En juillet 1988, il fêtait lui aussi avec ses paroissiens, son jubilé d’or et il commençait par évoquer un bien lointain souvenir d’enfance : « Un mien cousin de Lucey – il a meilleure mémoire que moi – se souvient m’avoir vu, tout gosse, grimper dans le tiroir du buffet et, de cette chaire à prêcher pittoresque, exhorter le jeune auditoire de ma parenté. »
Attendons encore vingt ans pour qu’en 1937, devenu diacre, il prononce ses premiers sermons. « Parole de Dieu et service paroissial ne furent-ils pas les deux lignes de force de mon ministère ? » Cette primauté donnée à la prédication est étonnante, presque singulière pour un prêtre de ces années-là, et elle se confirmera plus que jamais dans ses dernières années au service de ses « quatre communautés villageoises », avec des paroissiens à la mémoire étonnante. Prisonnier pendant la guerre dans un Oflag à Mayence, en même temps que le Père Congar, éminent théologien déjà fort connu et estimé, il eut la surprise d’apprendre que les autres officiers préféraient de loin les sermons du jeune prêtre sans célébrité aux harangues savantes du dominicain peut-être moins accessible. Le neveu aura eu quelque mal à retenir la leçon !

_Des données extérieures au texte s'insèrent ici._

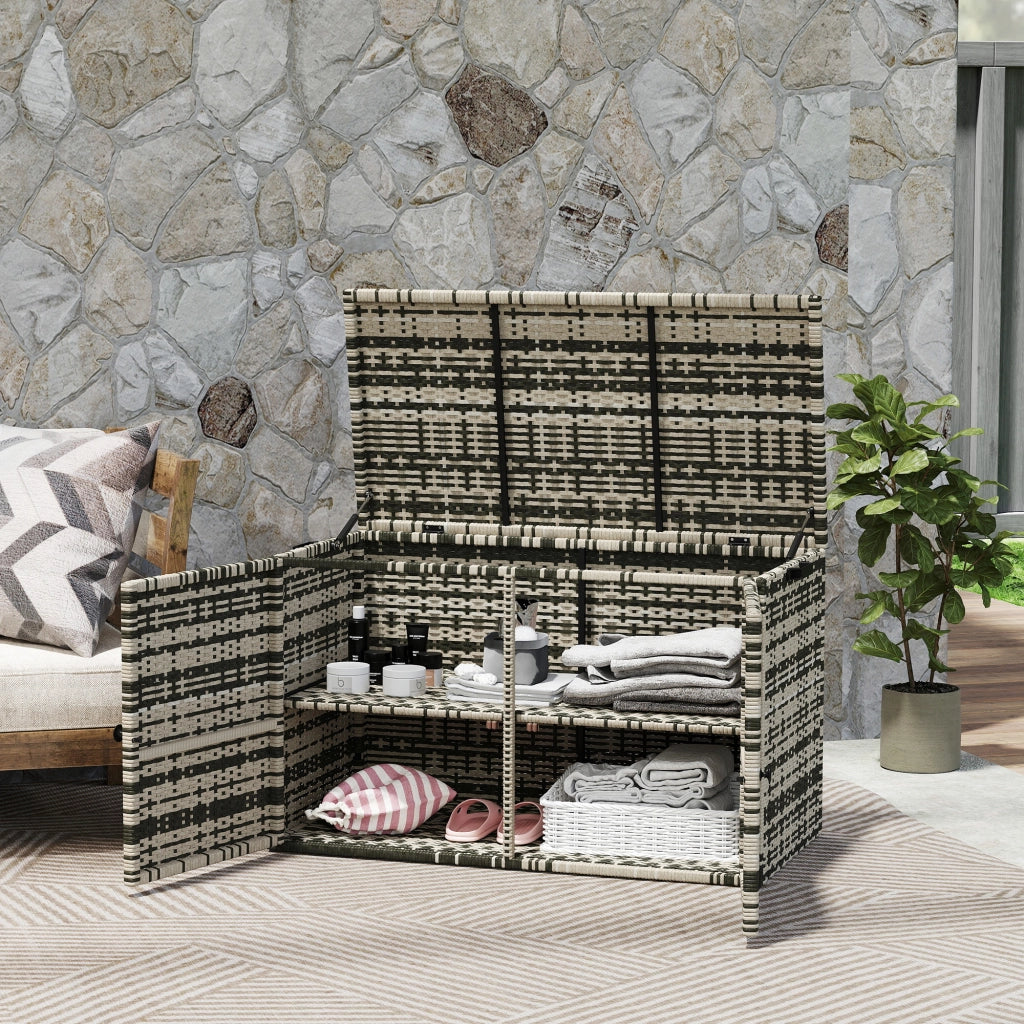 Cassa in Rattan con Coperchio 350L 2 Livelli ¨C zephmum ¨C 118x57x69 cm Grigio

Mon oncle avait la plume alerte et élégante, on lui avait vanté les mérites du journalisme, mais non ! c’est curé de campagne qu’il voulait devenir.
Cinquante ans d’expérience plus tard, il remarque « les métamorphoses de nos vieilles paroisses rurales et des fonctions du curé et même de son nom : animateur, accompagnateur, modérateur, dit le nouveau droit canon et disent quelques récentes nominations. Je n’ambitionne pas de si grands mots sur ma carte de visite, me contentant d’être, d’être parmi vous, avec vous, dans vos joies, vos peines, votre travail, semaine et dimanche, jour et nuit, du 1er janvier au 31 décembre, d’être là, le jour dit, à l’heure dite, exacte, pour le service religieux envisagé, sans jamais vous avoir fait défaut, et n’est-ce pas déjà une sorte de performance en 12 ans et une grâce de Dieu ? “ Quand on aime, on a besoin de se rendre présent, et, comme on ne peut se rendre présent à tous, on choisit un lieu déterminé, on y vient et on y reste ” (Mgr Ancel, évêque ouvrier de Lyon et Saint-Etienne). »
Certes « il n’a jamais été facile de devenir prêtre, [mais] “ la grâce de Dieu en moi n’a pas été vaine ”. J’ose reprendre cette pensée de Saint Paul [1 Cor XV, 10], puisque je suis assisté de mes deux neveux prêtres, qui sont, eux, dans la fleur de l’âge, dans cette perfection de la jeunesse capable d’inventer, d’évoluer, de s’adapter, d’entreprendre, François et Philippe, et leur maman, ma sœur, dont vous savez […] son attachement aux paroisses dont ma charge m’a été confiée voici juste 12 ans. Trois personnes de ma famille selon le sang, et quatre communautés villageoises, ma famille selon l’esprit et la grâce. »
Mon oncle concluait en citant saint Augustin : « Tant qu’il y aura deux hommes rassemblés pour l’amour de lui, le monde ne sera pas perdu », et aussi Lacordaire : « Tant que l’on aime un prêtre, on aime un peu le Christ qui l’a formé. » Vous aimez (bien) votre Padre (ce qui n’est pas toujours facile), et ainsi vous aimez le Christ qui l’appelé à son service et au vôtre.